O custo será alto, alertou o próprio Bush, antecipando aos contribuintes que eles terão de pagar "uma parcela significativa" desse socorro de emergência ao setor privado:

- Este é um momento fundamental para a economia dos EUA. Na história de nossa nação tem havido momentos que requerem que nos unamos, independentemente de nossas posições partidárias, para enfrentar grandes desafios. E este é um daqueles momentos - disse Bush, ao anunciar a iniciativa, ladeado pelo secretário Paulson; pelo presidente do Federal Reserve (Fed, o banco central americano), Ben Bernanke; e pelo chefe da Comissão de Valores Mobiliários (a SEC americana), Christopher Cox.

Parlamentares tiveram teleconferência

Os parlamentares, que terão que aprovar parte do pacote, foram informados das medidas pelas autoridades, via teleconferência em circuito fechado. Especialistas como Kenneth Rogoff, ex-economista chefe do Fundo Monetário Internacional, acreditam que o ajuste do sistema financeiro americano poderá custar até US$2 trilhões. Esse total leva em conta quase US$1 trilhão já gasto pelo governo desde o início da crise.

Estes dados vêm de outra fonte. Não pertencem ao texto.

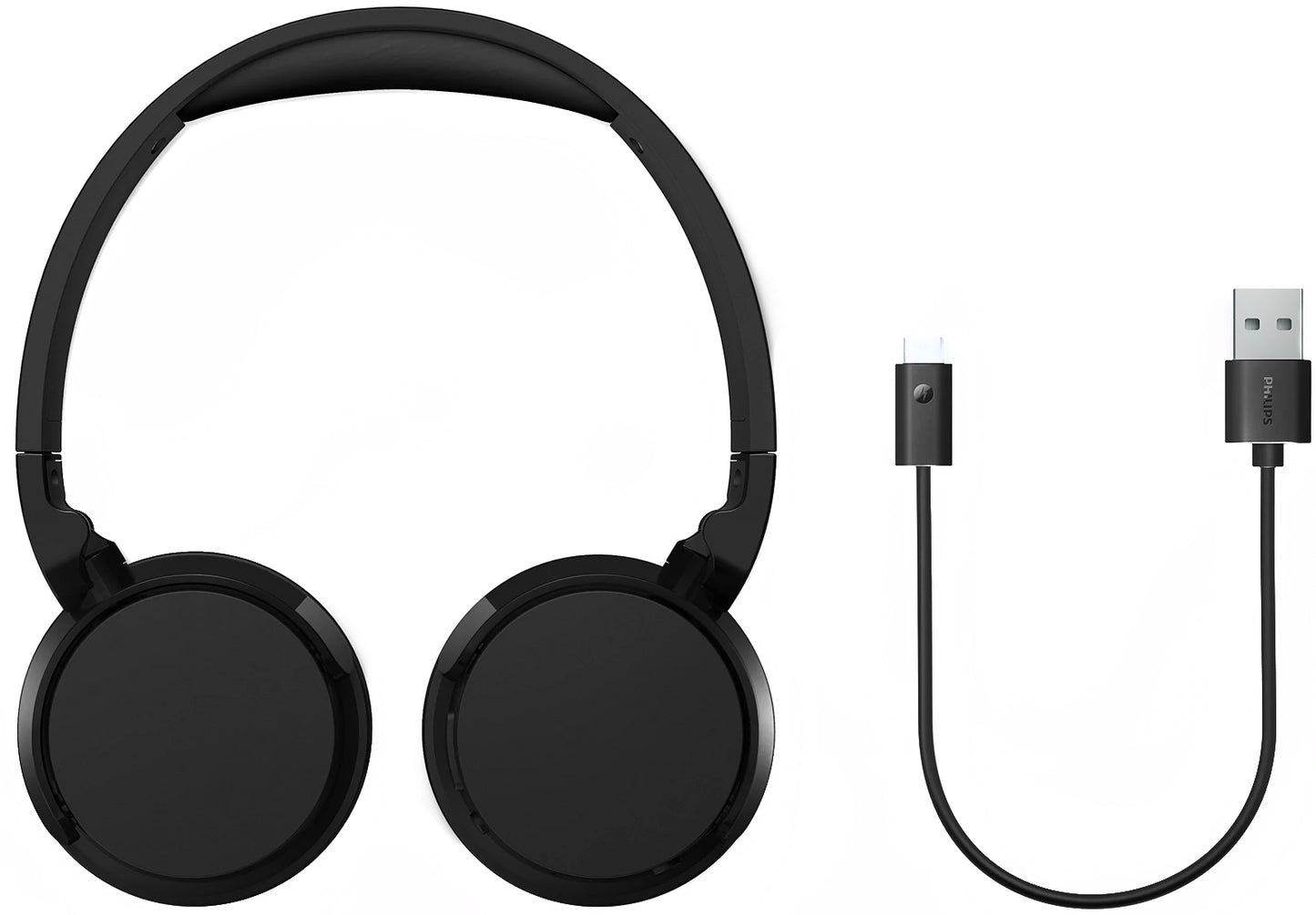 Handsfree Bluetooth Philips 4000, A2DP, Svart TAH4209BK/00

Ou seja: o custo será equivalente a cerca de 14% do Produto Interno Bruto (PIB) dos EUA (ou quase uma vez e meia todo o PIB do Brasil). Ao justificar a sua medida, Bush - cujo governo é acusado de negligência por ter incentivado que o próprio mercado se regulasse - procurou sair pela tangente:

- Haverá muito tempo para debater as origens desse problema. Agora é hora de resolvê-lo.

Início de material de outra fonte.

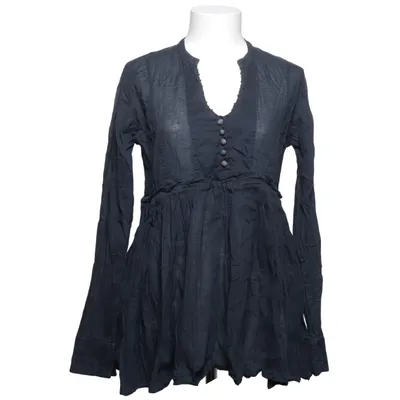 Blus (Grå) från Hunkydory Essentials Bomull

A perspectiva de aprovação do pacote pelo Congresso é bastante favorável. Faltando apenas seis semanas para a eleição presidencial, nenhum dos dois partidos quer se tornar um empecilho na resolução de um problema que, se não for atacado com urgência, poderá azedar ainda mais o padrão de vida dos americanos.

FMI vai facilitar acesso a crédito a países afetados

A aprovação, no entanto, não estará livre de queixas e retaliações ao longo da discussão do pacote, cujos detalhes ainda são vagos. Paulson disse que evitara antecipar medidas específicas justamente para poder discutir com os parlamentares as idéias que ele têm em mãos. O que se sabe é que uma das providências prioritárias seria a compra, pelo governo, de dívidas dos bancos que tiveram rombos por causa dos calotes no setor imobiliário - que detonou a explosão financeira.

- Está se falando muito de instituições financeiras com graves problemas mas o que temos de encarar, para valer, é o fato de que estamos vivendo agora uma crise de liquidez - disse ontem o vice-presidente sênior do Citicorp, Bill Rhodes.

Também ontem o Fundo Monetário Internacional (FMI) anunciou que facilitará o acesso a crédito aos países vítimas a crise que adotarem políticas econômicas "adequadas".